| Task description |
No pictures, nothing altered: return the data below.

| Information provided |
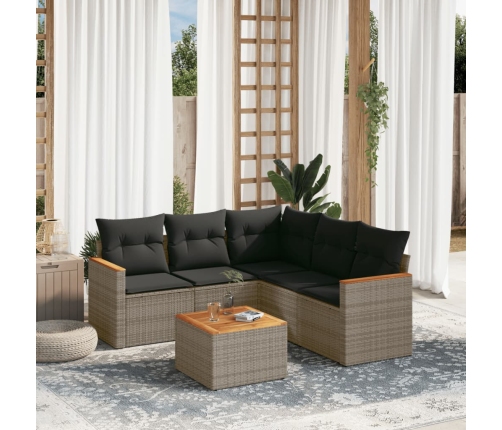Set de muebles de jardín 6 pzas y cojines ratán sintético gris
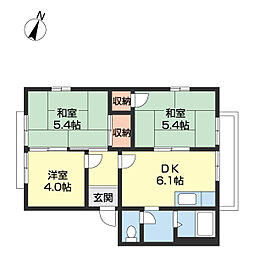 藤ハイツ 3DKの間取図画像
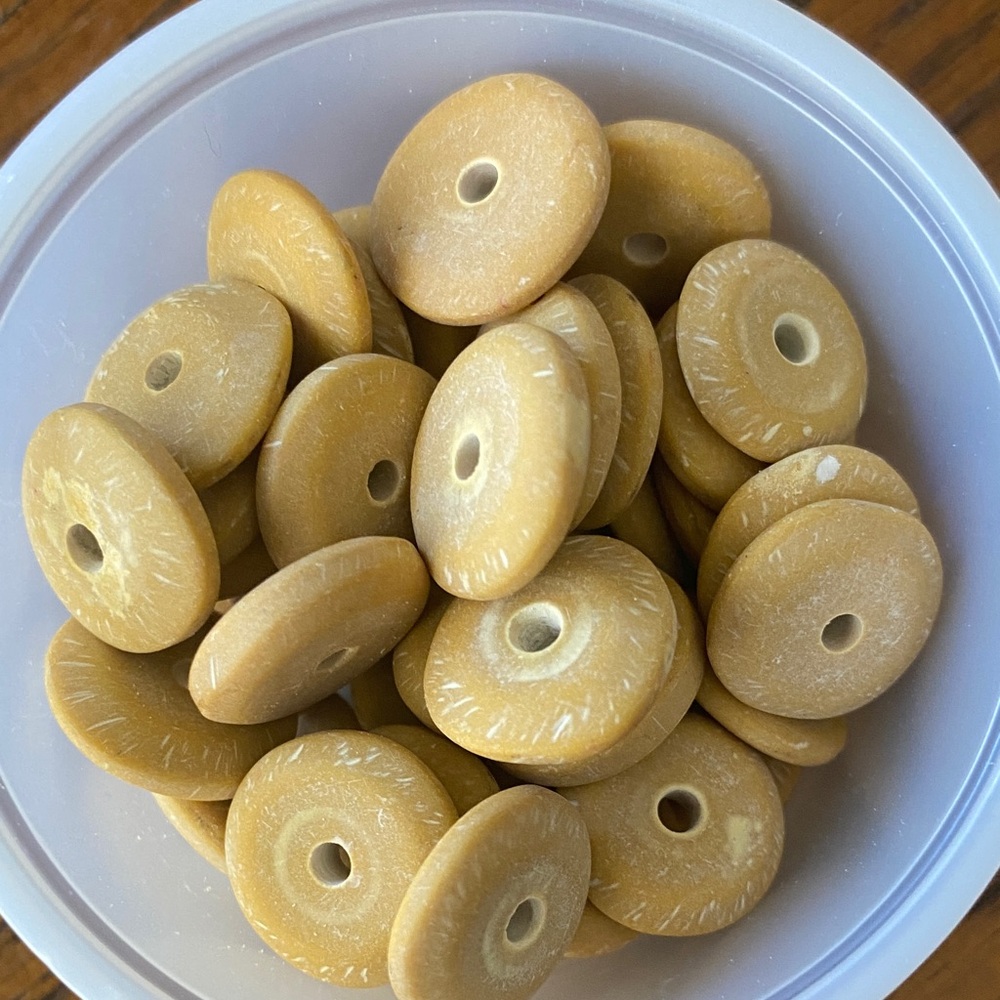 48 PIECES Tan Thin Slice Spacer Beads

| Reply |
Set de muebles de jardín 6 pzas y cojines ratán sintético gris
 藤ハイツ 3DKの間取図画像
 48 PIECES Tan Thin Slice Spacer Beads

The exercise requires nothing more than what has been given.